- [WORKING DATA]:
*** Begin section ***
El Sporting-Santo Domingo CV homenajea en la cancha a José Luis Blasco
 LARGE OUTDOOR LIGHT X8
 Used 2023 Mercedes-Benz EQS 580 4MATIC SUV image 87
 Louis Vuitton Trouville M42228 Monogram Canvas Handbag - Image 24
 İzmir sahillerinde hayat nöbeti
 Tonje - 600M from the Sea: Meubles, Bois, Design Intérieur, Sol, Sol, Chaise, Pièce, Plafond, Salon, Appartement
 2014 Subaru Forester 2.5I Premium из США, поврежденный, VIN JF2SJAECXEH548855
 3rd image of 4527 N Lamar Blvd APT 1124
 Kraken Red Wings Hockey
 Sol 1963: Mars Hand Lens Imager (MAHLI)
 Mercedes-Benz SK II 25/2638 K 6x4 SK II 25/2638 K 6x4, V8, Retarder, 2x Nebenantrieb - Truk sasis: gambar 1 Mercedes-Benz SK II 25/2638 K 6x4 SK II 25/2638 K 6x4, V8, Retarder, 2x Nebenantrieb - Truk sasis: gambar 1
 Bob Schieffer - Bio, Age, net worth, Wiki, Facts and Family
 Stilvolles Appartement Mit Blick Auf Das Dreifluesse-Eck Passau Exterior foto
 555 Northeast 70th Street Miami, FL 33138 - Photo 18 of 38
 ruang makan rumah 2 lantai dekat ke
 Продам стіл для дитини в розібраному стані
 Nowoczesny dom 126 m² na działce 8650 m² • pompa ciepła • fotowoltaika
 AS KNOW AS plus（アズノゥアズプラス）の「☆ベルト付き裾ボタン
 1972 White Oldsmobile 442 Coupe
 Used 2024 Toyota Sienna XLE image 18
*** End section ***
- [PROBLEM]:
From the line containing "Nowoczesny dom 126" down to the last line of the data, transcribe every line exactly; nothing else should appear.

- [RESULT]:
 Nowoczesny dom 126 m² na działce 8650 m² • pompa ciepła • fotowoltaika
 AS KNOW AS plus（アズノゥアズプラス）の「☆ベルト付き裾ボタン
 1972 White Oldsmobile 442 Coupe
 Used 2024 Toyota Sienna XLE image 18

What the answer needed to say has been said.